Virtualized data centers usually consist of heterogeneous servers which have different specifications (performance). Though there usually exist unused heterogeneous servers in such data centers, conventional DVFS (Dynamic Voltage and Frequency Scaling)-based DTM (Dynamic Thermal Management) techniques do not exploit the unused servers to cool down hot servers. In this paper, we propose a novel DTM technique which adaptively exploits external computing resources (unused servers with different performance) as well as internal computing resources (unused CPU cores in the server) available in heterogeneous data centers. Additionally, we also propose to consider locations of the servers when migrating VMs (Virtual Machines) among servers in a rack, which has a large impact on the on-chip temperatures and performance due to the heat conduction; when VMs run on the two closest servers in the rack, the ambient temperature of servers is up to 6.2° higher, compared to the case where VMs run on the two farthest servers, so that on-chip temperature more rapidly increases causing up to 13.5% of performance degradation due to more frequent thermal throttling. When the temperature of a CPU core in a server exceeds a pre-defined thermal threshold, our proposed technique estimates the impact of VM migrations on performance (e.g., performance degradation due to the physical machine migrations and/or core migrations of VMs). Depending on the estimated performance impact of VM migrations, our technique adaptively employs the following three methods: (1) a method that migrates a VM to another distant server with different performance, (2) a method that migrates VMs among CPU cores in the server, and (3) a DVFS-based method. In our experiments, our proposed technique improves performance by 15.1% and saves system-wide EDP by 22.9%, on average, compared to a state-of-the-art DVFS-based DTM technique, satisfying thermal constraints.

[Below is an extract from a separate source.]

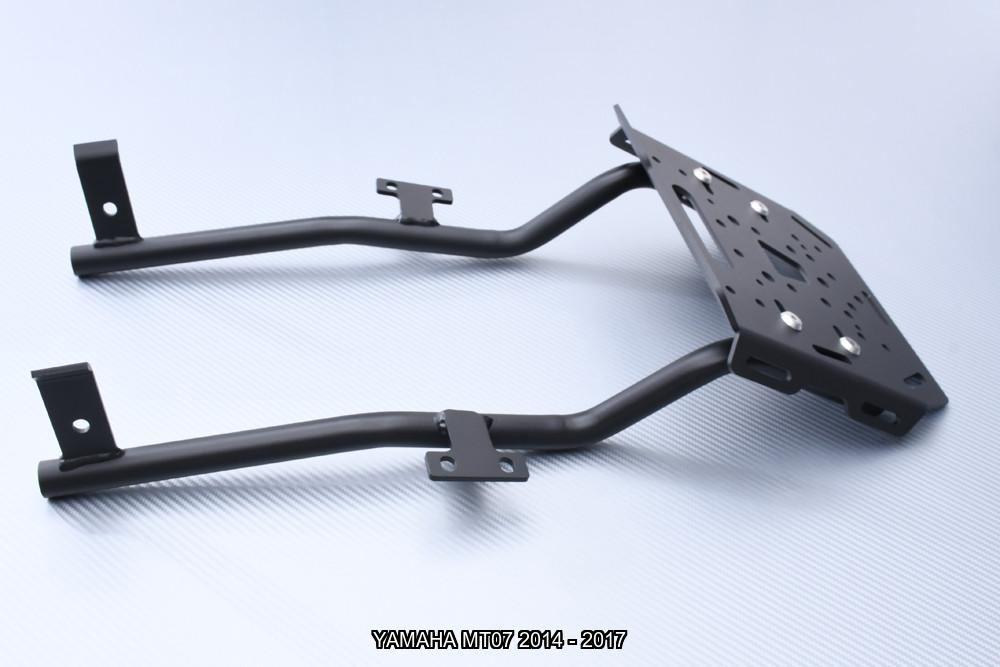 Support Top Case Porte Bagage AVDB YAMAHA MT07 2014 - 2017, Enlèvement ou Envoi, Neuf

Bibliographical noteFunding Information:
This work was supported by Next-Generation Information Computing Development Program through National Research Foundation of Korea (NRF) funded by the Ministry of Science, ICT (2017M3C4A7080243), the Super Computer Development Leading Program of the National Research Foundation of Korea (NRF) funded by the Ministry of Science and ICT (MSIT) (2020M3H6A1084852), and College of Informatics, Korea University.
© 2021 Elsevier B.V.
- DVFS (Dynamic Voltage and Frequency Scaling)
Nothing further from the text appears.